Return only the lines below starting at the line containing "Märklin Z 8748" and ending at the line containing "1.35ct D VS1 Cushion (IGI)", both included, exactly as they are and with no pictures.

--

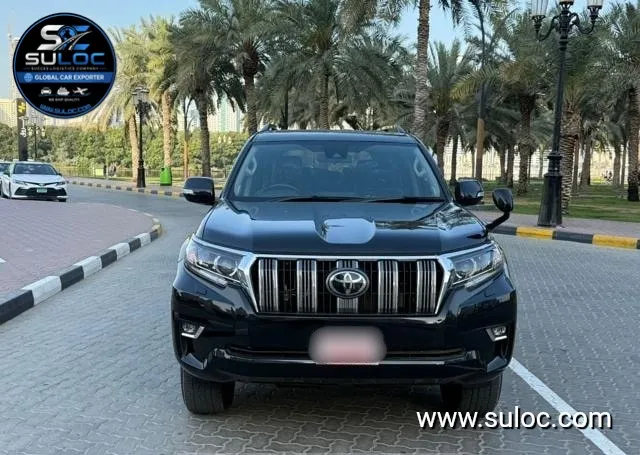 TOYOTA LAND CRUSER PRADO 2022 gallery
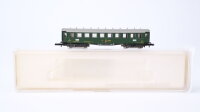 Märklin Z 8748 Schnellzugwagen C4ü 3.Kl. SBB-CFF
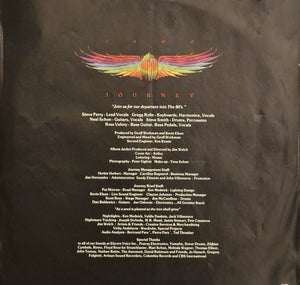 Journey - Departure - 1980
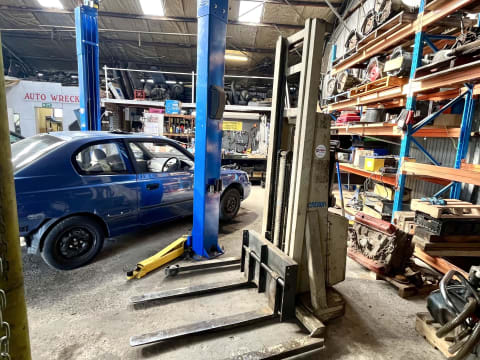 Established 35 years Wrecking and Car Sales Business In Northern Tasmania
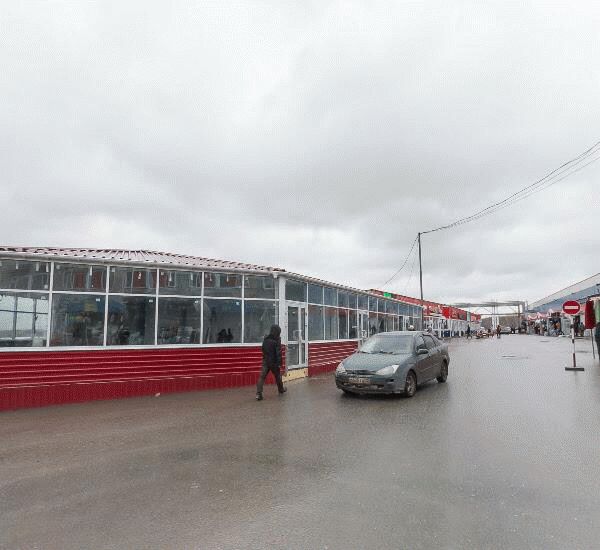 Банкомат Сбербанка России по адресу ул. Дегтярева,  д. 19,  стр. 2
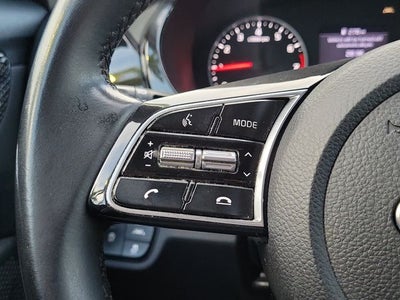 2021 Kia Seltos EX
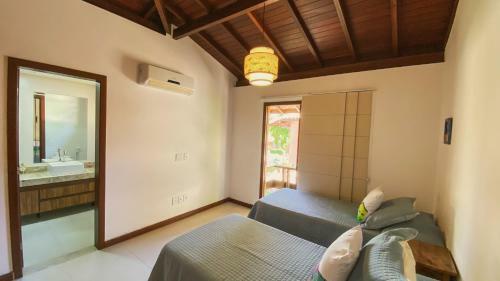 Kalug - Duplex Com 3 Quartos E Piscina � 2min Da Praia Em Cond Com Portaria 24hs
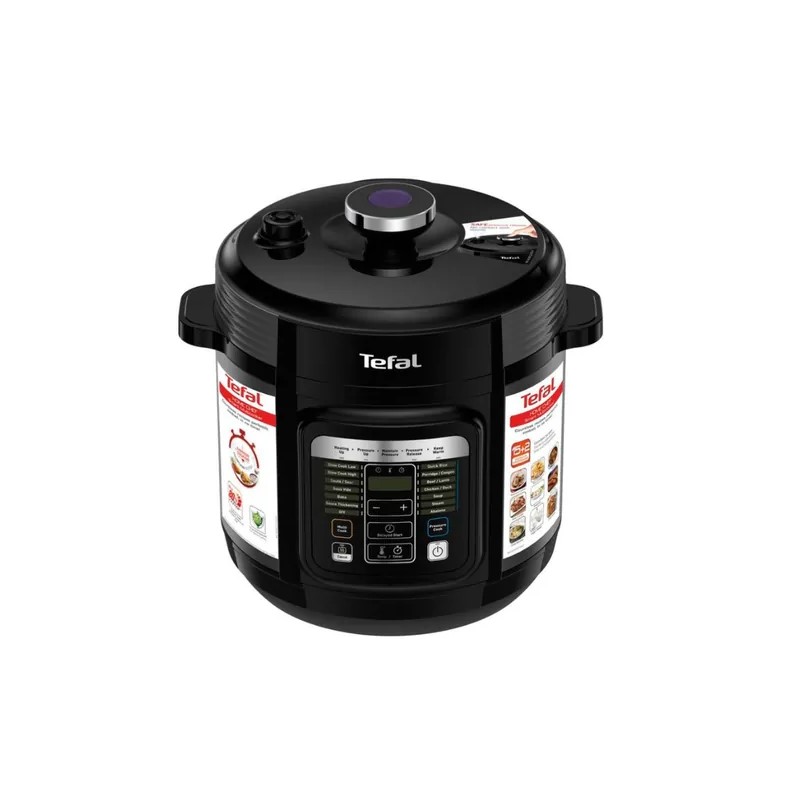 香港行貨 Tefal 法國特福 智能高速煲 CY601D 1年保養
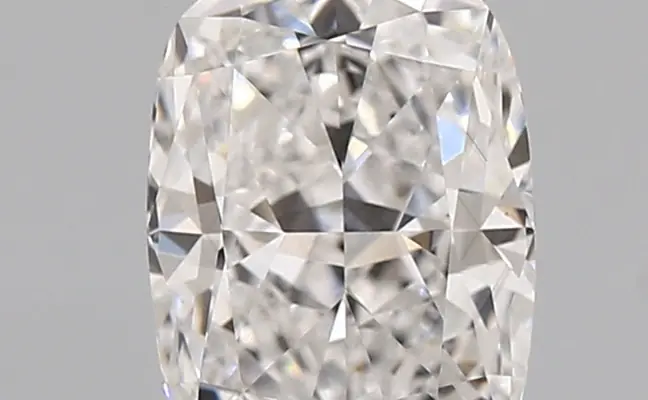 1.35ct D VS1 Cushion (IGI)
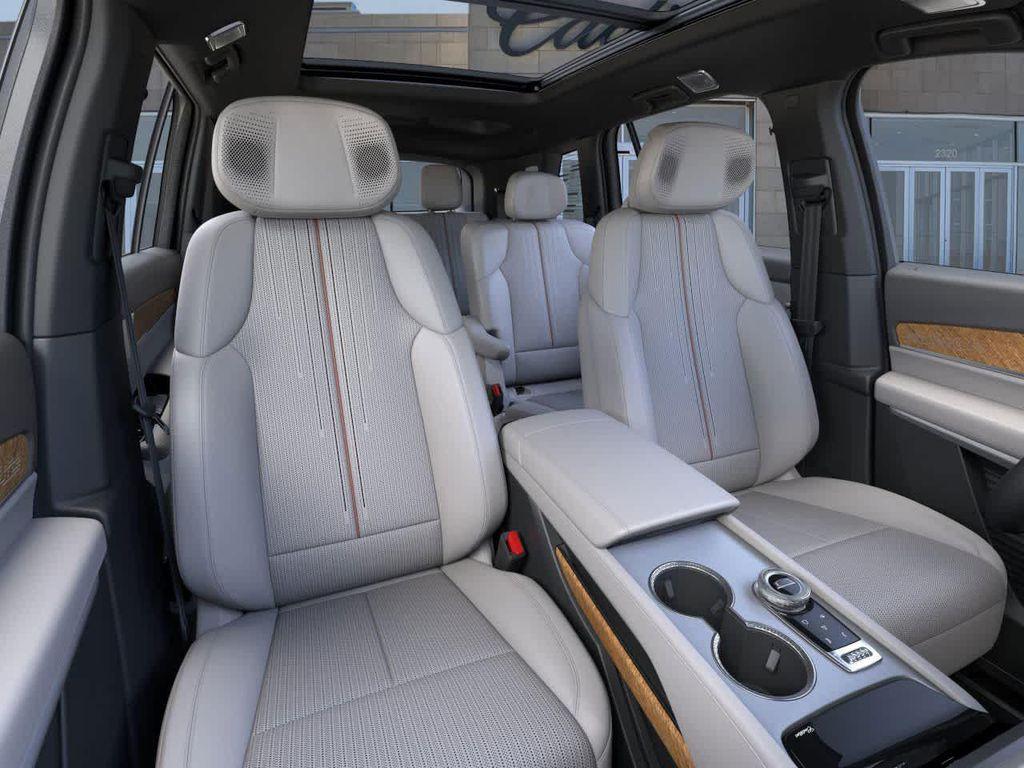 new 2026 Cadillac VISTIQ car, priced at $80,240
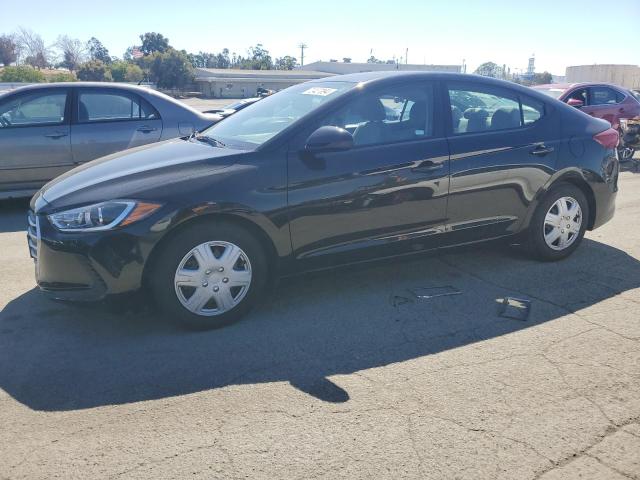 Photo 1 from auction – 2017 HYUNDAI ELANTRA SE with VIN 5NPD74LF2HH075558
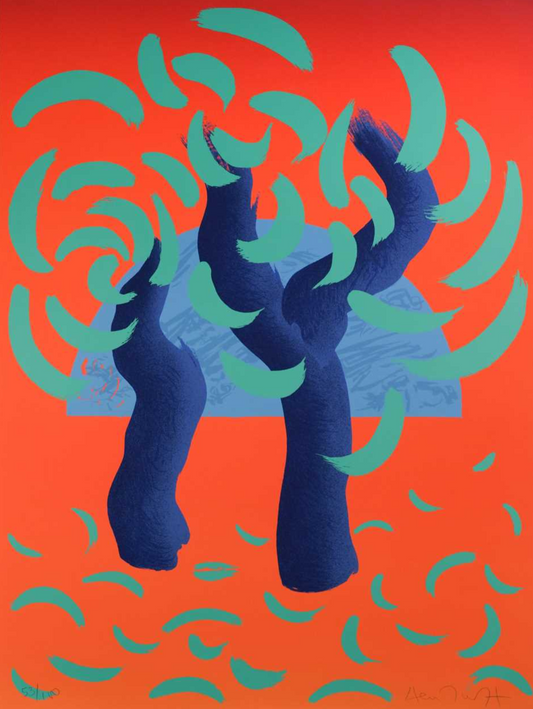 Michael Heindorff - Trees 1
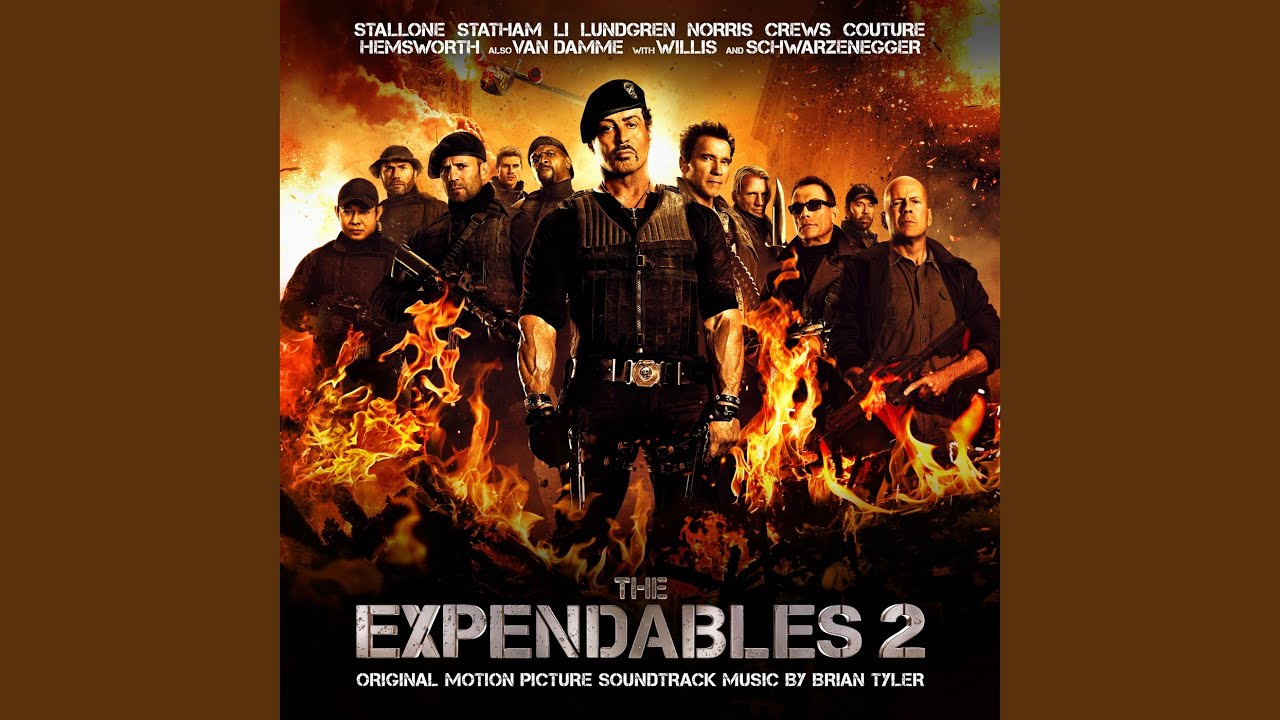 The Expendables Return
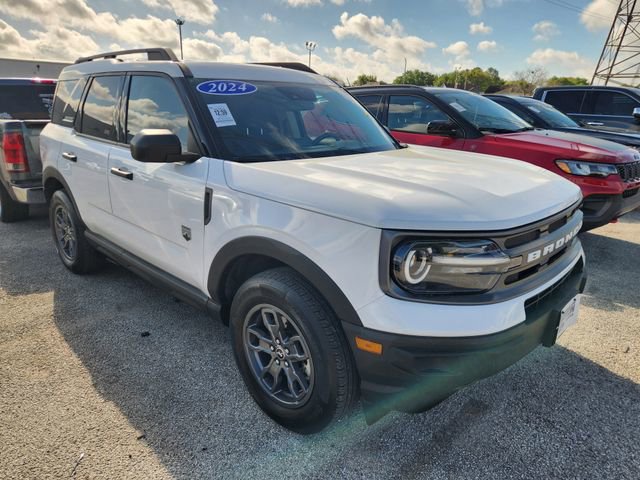 Used 2024 Ford Bronco Sport Big Bend image 1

--

◆ Result of the exercise
 Märklin Z 8748 Schnellzugwagen C4ü 3.Kl. SBB-CFF
 Journey - Departure - 1980
 Established 35 years Wrecking and Car Sales Business In Northern Tasmania
 Банкомат Сбербанка России по адресу ул. Дегтярева,  д. 19,  стр. 2
 2021 Kia Seltos EX
 Kalug - Duplex Com 3 Quartos E Piscina � 2min Da Praia Em Cond Com Portaria 24hs
 香港行貨 Tefal 法國特福 智能高速煲 CY601D 1年保養
 1.35ct D VS1 Cushion (IGI)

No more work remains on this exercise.